Industry leaders share what businesses should prioritise when choosing a platform to pay freelance contractors across borders, from hidden fee structures to compliance automation and contractor retention.


When businesses pay freelance contractors overseas, one payment feels simple enough. But when you need to pay freelance contractors across five countries while staying compliant, keeping fees transparent, and retaining your best talent, that is where most companies get it wrong.

The cross-border payments market now processes over $194 trillion annually, and the B2C segment covering gig economy payouts is growing at 11.1% CAGR. Meanwhile, international contractor engagements jumped 46% between 2023 and 2024 according to Oyster’s hiring data. More businesses than ever need to pay freelance contractors in other countries. Yet most have no idea what those payments cost or what risks they carry.

So we asked founders, CEOs, and business leaders who manage distributed teams across borders: what should businesses prioritise when choosing a platform to pay freelance contractors internationally?

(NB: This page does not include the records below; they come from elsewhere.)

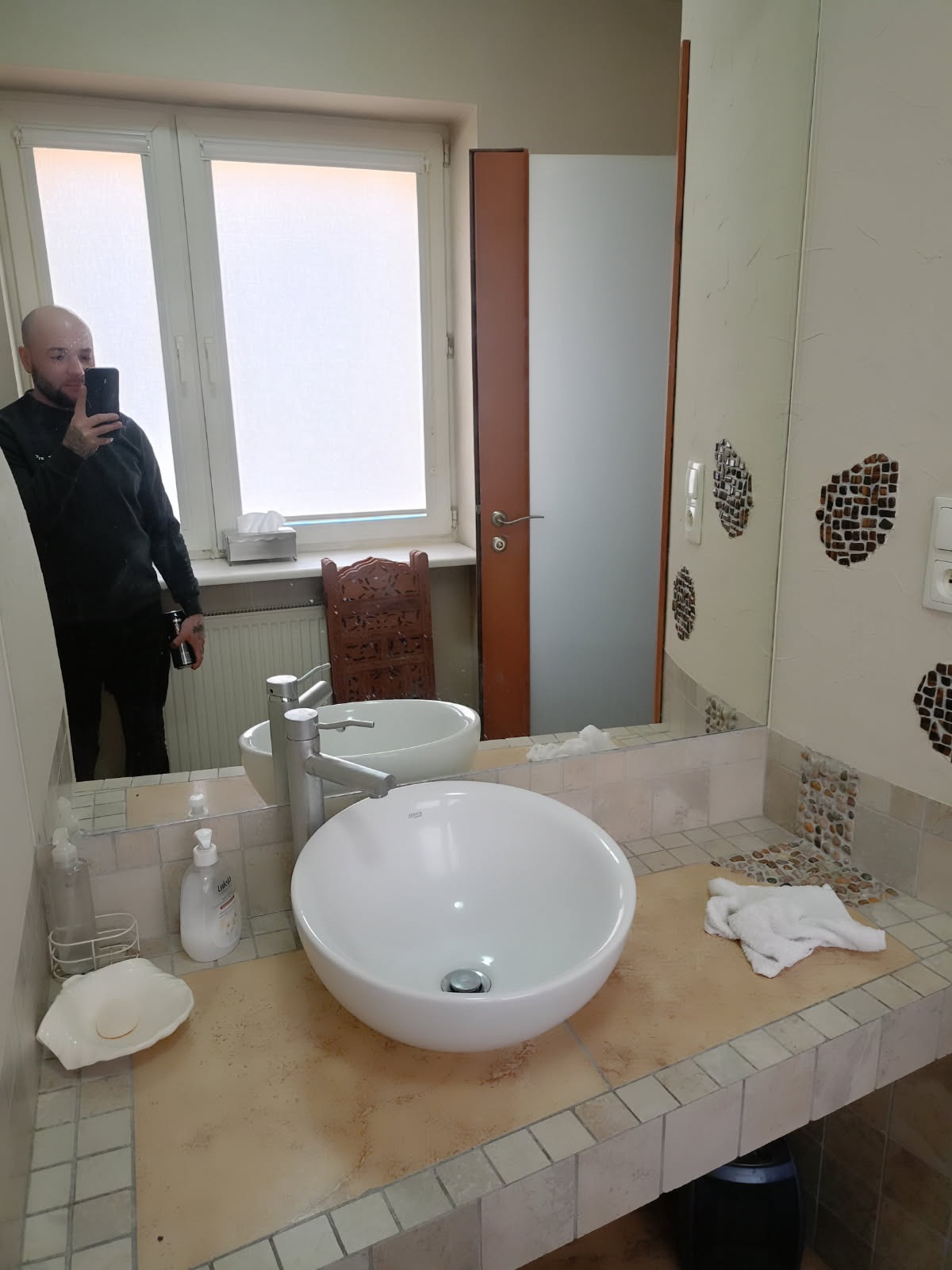 Okrągła umywalka nablatowa z chromowaną baterią na blacie wykończonym mozaiką; w tle lustro odbijające fragment łazienki i mężczyznę robiącego zdjęcie.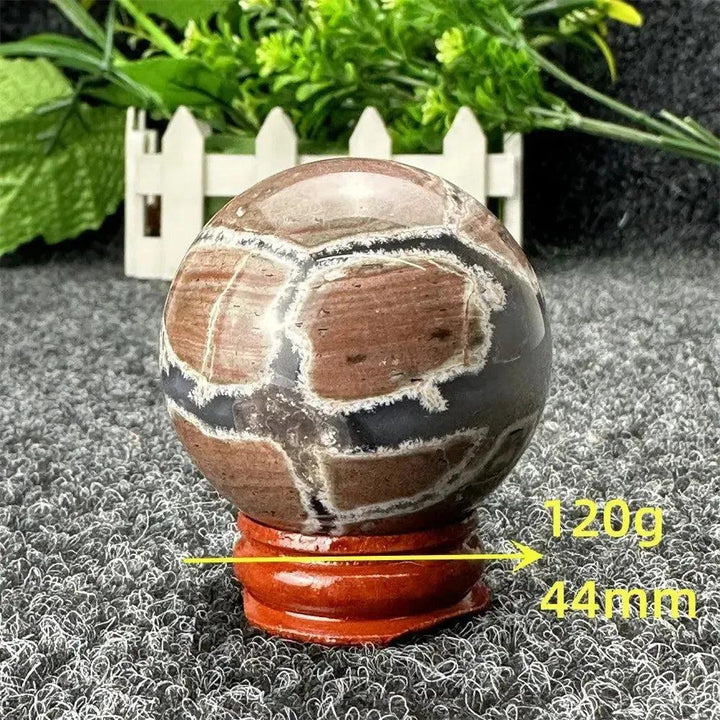 Volcano Agate sphere by Crystal Destiny, 120g, 44mm, with fiery earth tones and intricate banding on a wood stand.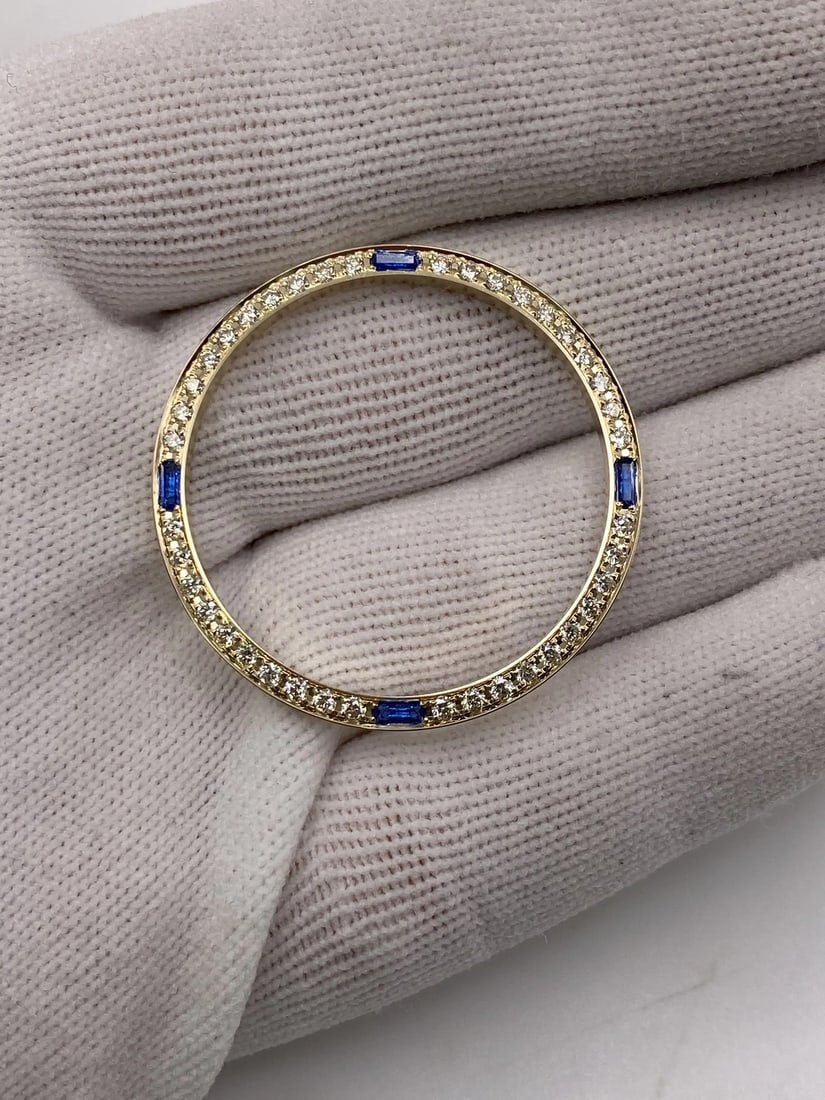 Custom 36mm 14K Yellow Gold Diamond Blue Sapphire Bezel for Rolex Datejust: Custom 36mm 14K Yellow Gold Diamond Blue Sapphire Bezel for Rolex Datejust Elevate your Rolex Datejust with this exquisite custom bezel crafted from 14K yellow gold. Featuring approximately 1 carat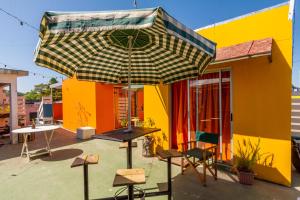a colorful house with a table and an umbrella at Del Barcito Hostel and Suites in Punta del Este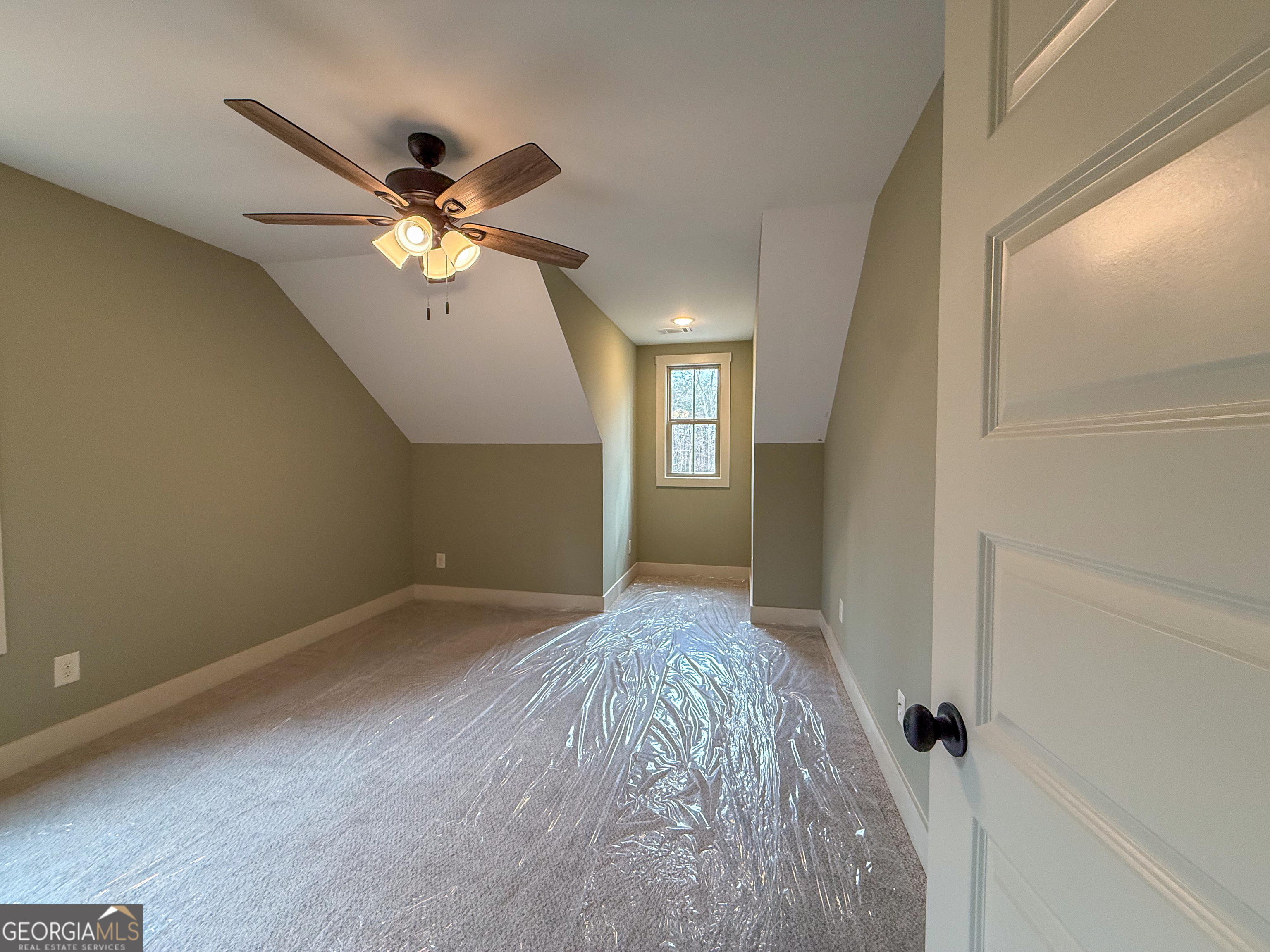 18 Creek Bend Point Cleveland, GA 30528 - Photo 12 of 37 wooden floor in an empty room with a window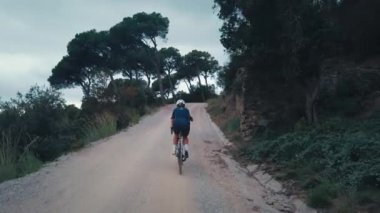 Formunda genç bir kadın orman yolunda çakıl bisikleti sürüyor.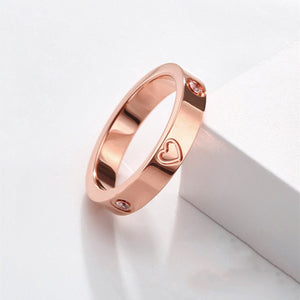 Two rings, one with a gold plating and the other with a silver plating, both featuring a heart-shaped design on the top surface.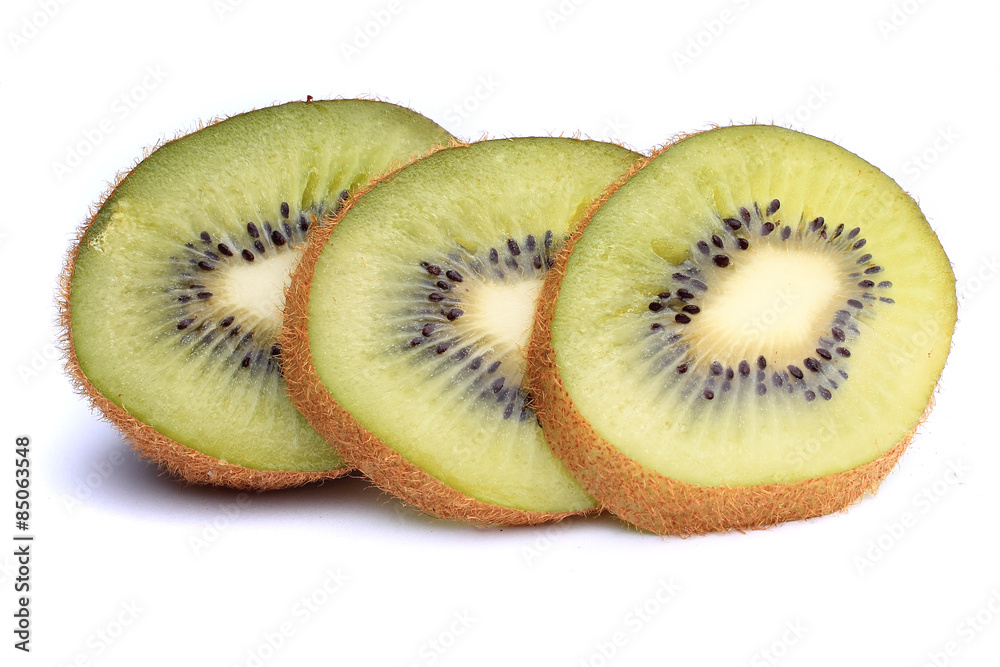 slices of ripe kiwi with mint leaves on a white background slices of ripe kiwi with mint leaves on a white background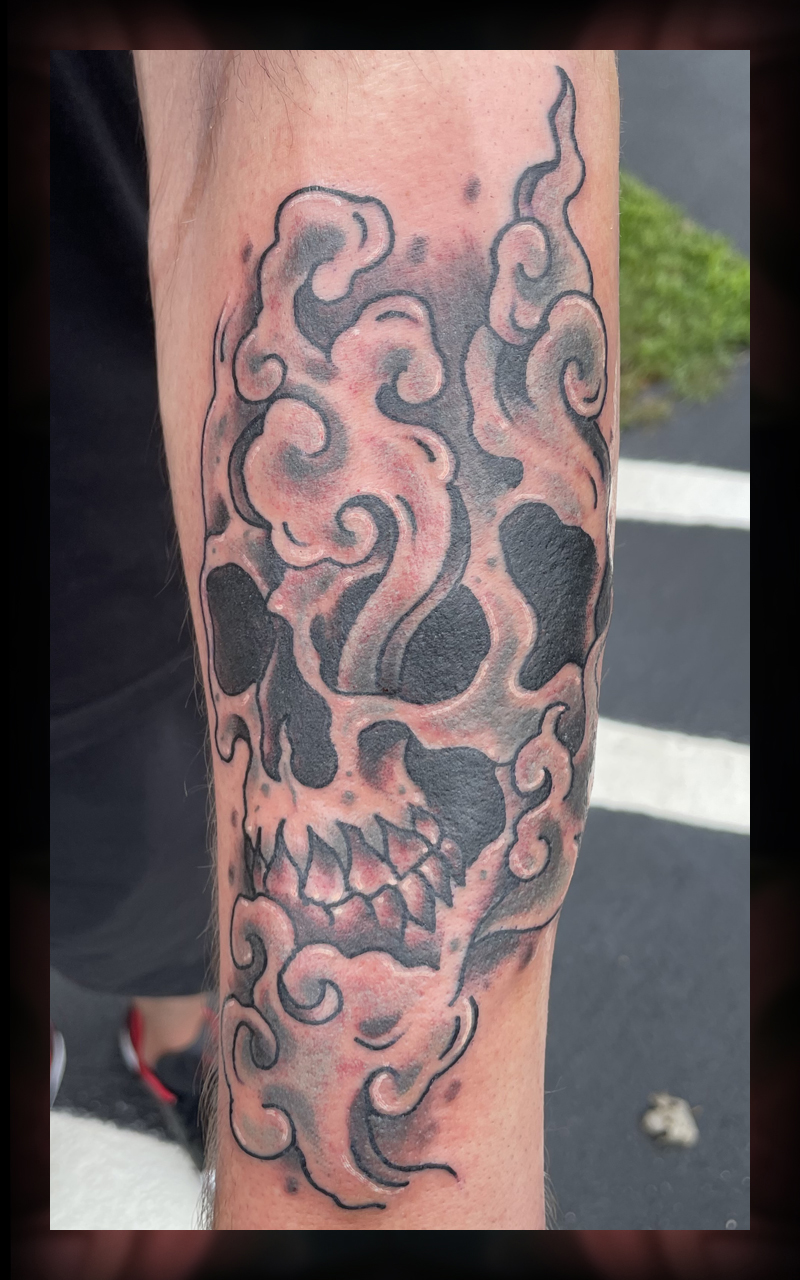 Skull inside smoke tattoo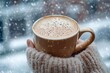 © Юлія Ткачук - Atmospheric winter background: a hand holding a cup of hot coffee on the background of a window with snow. Comfort and warmth.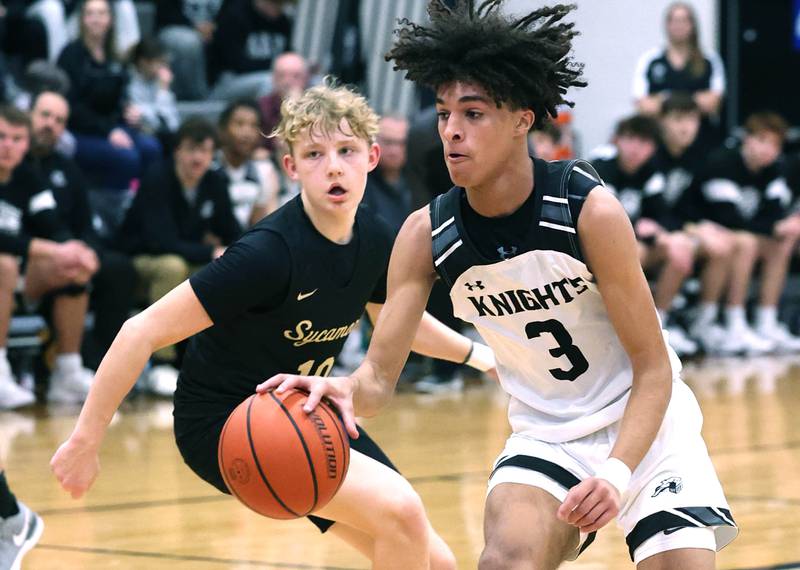 Kaneland's Evan Frieders drives by Sycamore's Isaiah Feuerbach during their game Friday, Jan. 5, 2024, at Kaneland High School in Maple Park.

Their answers clustered around four themes. Costs are not what they appear. Compliance is not optional. The freelancer’s experience matters more than you think. And the best infrastructure to pay freelance contractors should feel invisible.

Pay Freelance Contractors Without Getting Stung by Hidden Fees

The World Bank’s latest data puts the global average cost of sending $200 internationally at 6.49%. Banks specifically average a staggering 14.55%. But the biggest chunk of that cost hides inside the exchange rate, not listed as a fee. A Capital Economics study found that US consumers and small businesses paid $17.9 billion in international FX transaction fees in a single year. Of that total, $5.8 billion came from hidden exchange rate markups that appeared nowhere on any fee schedule.

Some platforms advertise low flat fees while quietly marking up the exchange rate by 3% or more. For a company that needs to pay freelance contractors $50,000 per month internationally, a 3% FX markup alone costs $18,000 a year. That number scales fast.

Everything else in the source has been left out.